Let $G = \mathbb{T}^n \oplus A = \mathbb{T}^n \times A$, where $\mathbb{T}^n = \left( \mathbb{R} / \mathbb{Z} \right)^n$ and $A$ is a finite discrete abelian group. I'm trying to characterize $\operatorname{End}(G)$.
I know that $\operatorname{End} \left( \mathbb{T}^n \right) = \operatorname{Mat}(n, \mathbb{Z})$. I also know that if $T \in \operatorname{End}(G)$, then $T \left( \mathbb{T}^n \right) \subseteq \mathbb{T}^n$, since $\mathbb{T}^n$ is the identity component of $G$. However, we can't necessarily say that $T(A) \subseteq A$. Is there any kind of nice structure theorem for this?
Thanks!
If $A$ and $B$ are objects in any category with finite biproducts, which includes the category of abelian Lie groups, as well as the ordinary category of abelian groups, then the endomorphism ring of $A \oplus B$ can be written
$$\text{End}(A \oplus B) \cong \left[ \begin{array}{cc} \text{End}(A) & \text{Hom}(B, A) \\ \text{Hom}(A, B) & \text{End}(B) \end{array} \right].$$
This notation refers to matrices acting on "vectors" in $\left[ \begin{array}{c} A \\ B \end{array} \right]$ in such a way that every multiplication operation refers to an evaluation homomorphism, and similarly matrices multiply in such a way that every multiplication operation refers to a composition. Addition refers to the canonical commutative monoid structure on the homsets of any category with finite biproducts (which for abelian Lie groups and abelian groups is pointwise addition). See the "matrix multiplication" section of A meditation on semiadditive categories for more details on how finite biproducts let you do this.
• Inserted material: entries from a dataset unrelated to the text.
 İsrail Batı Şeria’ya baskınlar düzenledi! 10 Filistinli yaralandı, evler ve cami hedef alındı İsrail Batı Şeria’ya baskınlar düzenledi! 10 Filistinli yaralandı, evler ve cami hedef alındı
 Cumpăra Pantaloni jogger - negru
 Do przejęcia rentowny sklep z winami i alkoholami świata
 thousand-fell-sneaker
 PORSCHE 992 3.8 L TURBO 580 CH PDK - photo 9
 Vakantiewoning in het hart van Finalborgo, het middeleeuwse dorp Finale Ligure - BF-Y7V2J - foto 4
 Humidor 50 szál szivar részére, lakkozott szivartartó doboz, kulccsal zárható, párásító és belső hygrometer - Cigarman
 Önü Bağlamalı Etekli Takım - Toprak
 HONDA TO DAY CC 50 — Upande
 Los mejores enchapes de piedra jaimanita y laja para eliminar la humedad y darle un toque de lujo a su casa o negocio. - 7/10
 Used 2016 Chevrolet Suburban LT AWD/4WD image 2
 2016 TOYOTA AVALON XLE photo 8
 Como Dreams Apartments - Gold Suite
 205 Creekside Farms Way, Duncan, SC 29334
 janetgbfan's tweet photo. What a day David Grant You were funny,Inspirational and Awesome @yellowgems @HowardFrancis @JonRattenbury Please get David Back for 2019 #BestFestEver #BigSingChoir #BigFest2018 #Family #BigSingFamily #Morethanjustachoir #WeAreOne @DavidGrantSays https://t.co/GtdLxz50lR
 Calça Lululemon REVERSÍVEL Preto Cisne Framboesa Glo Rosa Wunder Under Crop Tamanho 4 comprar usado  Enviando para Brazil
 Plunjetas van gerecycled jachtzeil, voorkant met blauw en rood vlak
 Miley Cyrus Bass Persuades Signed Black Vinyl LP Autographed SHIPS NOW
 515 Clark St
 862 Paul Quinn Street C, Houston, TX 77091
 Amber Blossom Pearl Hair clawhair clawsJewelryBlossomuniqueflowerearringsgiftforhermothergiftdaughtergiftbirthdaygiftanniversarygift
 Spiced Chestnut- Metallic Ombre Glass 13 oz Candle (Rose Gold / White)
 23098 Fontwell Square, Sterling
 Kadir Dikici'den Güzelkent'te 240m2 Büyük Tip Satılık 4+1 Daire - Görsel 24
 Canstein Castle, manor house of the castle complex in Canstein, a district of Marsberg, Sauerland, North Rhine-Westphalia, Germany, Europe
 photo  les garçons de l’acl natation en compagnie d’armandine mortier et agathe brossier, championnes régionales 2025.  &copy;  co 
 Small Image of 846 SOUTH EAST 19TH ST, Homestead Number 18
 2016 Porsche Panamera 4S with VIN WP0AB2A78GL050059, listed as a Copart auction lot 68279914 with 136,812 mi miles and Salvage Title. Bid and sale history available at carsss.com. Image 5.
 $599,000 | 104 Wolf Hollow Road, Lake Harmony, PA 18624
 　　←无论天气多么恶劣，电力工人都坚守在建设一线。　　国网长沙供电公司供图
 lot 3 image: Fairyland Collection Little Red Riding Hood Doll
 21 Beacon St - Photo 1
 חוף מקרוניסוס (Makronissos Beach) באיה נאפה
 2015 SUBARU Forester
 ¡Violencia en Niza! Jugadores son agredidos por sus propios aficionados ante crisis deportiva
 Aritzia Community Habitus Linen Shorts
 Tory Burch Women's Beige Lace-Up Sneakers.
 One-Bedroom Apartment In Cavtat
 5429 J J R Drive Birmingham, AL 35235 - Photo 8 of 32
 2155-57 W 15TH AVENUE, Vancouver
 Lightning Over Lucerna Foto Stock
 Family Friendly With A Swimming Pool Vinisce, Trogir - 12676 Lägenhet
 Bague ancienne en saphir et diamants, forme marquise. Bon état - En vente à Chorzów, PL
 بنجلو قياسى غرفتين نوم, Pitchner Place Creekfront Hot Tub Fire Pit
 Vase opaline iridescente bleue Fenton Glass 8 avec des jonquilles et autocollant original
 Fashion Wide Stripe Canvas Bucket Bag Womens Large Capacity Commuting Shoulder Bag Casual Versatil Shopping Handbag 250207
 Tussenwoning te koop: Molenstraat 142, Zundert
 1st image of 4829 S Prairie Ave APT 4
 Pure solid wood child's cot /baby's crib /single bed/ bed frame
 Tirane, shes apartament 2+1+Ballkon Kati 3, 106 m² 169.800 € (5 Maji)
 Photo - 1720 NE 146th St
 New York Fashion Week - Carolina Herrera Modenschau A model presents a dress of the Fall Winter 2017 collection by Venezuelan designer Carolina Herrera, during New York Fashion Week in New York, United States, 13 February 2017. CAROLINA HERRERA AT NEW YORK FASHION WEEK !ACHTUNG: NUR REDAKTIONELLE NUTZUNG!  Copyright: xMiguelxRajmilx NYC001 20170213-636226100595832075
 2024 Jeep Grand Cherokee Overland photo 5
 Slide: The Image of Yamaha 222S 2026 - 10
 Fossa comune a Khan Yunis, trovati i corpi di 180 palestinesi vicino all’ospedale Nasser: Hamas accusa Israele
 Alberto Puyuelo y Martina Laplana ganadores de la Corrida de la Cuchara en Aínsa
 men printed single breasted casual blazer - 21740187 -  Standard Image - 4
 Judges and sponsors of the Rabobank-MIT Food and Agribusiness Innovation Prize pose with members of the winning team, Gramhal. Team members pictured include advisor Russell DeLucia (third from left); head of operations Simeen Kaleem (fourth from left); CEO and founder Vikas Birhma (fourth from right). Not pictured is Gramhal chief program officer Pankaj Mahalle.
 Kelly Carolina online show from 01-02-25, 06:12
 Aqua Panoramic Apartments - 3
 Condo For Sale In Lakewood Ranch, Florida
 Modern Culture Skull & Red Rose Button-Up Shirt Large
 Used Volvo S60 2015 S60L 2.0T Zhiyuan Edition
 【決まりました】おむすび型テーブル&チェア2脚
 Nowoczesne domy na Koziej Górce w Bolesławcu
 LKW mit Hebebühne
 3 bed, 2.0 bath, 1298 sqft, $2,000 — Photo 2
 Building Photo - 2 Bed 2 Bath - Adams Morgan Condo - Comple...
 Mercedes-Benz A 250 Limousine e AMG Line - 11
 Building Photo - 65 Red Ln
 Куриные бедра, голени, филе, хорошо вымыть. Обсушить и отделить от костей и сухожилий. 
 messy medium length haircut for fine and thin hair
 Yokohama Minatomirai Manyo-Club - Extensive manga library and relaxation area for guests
A direct sum of the form $\mathbb{T}^n \oplus A$ where $A$ is finite has the additional property that $\text{Hom}(\mathbb{T}^n, A) = 0$ because $\mathbb{T}^n$ is divisible. So the above simplifies to the upper triangular form
$$\text{End}(\mathbb{T}^n \oplus A) \cong \left[ \begin{array}{cc} M_n(\mathbb{Z}) & \text{Hom}(A, \mathbb{T}^n) \cong (A^{\ast})^n \\ 0 & \text{End}(A) \end{array} \right].$$
Here $A^{\ast} \cong \text{Hom}(A, \mathbb{T})$ is the Pontryagin dual of $A$. Concretely what this says is that an endomorphism of $\mathbb{T}^n \oplus A$ takes the form
$$\mathbb{T}^n \oplus A \ni (t, a) \mapsto (f(t) + g(a), h(a)) \in \mathbb{T}^n \oplus A$$
where $f : \mathbb{T}^n \to \mathbb{T}^n$ is an endomorphism, $g : A \to \mathbb{T}^n$ is a homomorphism, and $h : A \to A$ is an endomorphism. One of the nice things about writing this in matrix form is it's immediately clear what the automorphisms are: an upper-triangular matrix is invertible iff its diagonal entries are and this property continues to hold for block matrices like the above.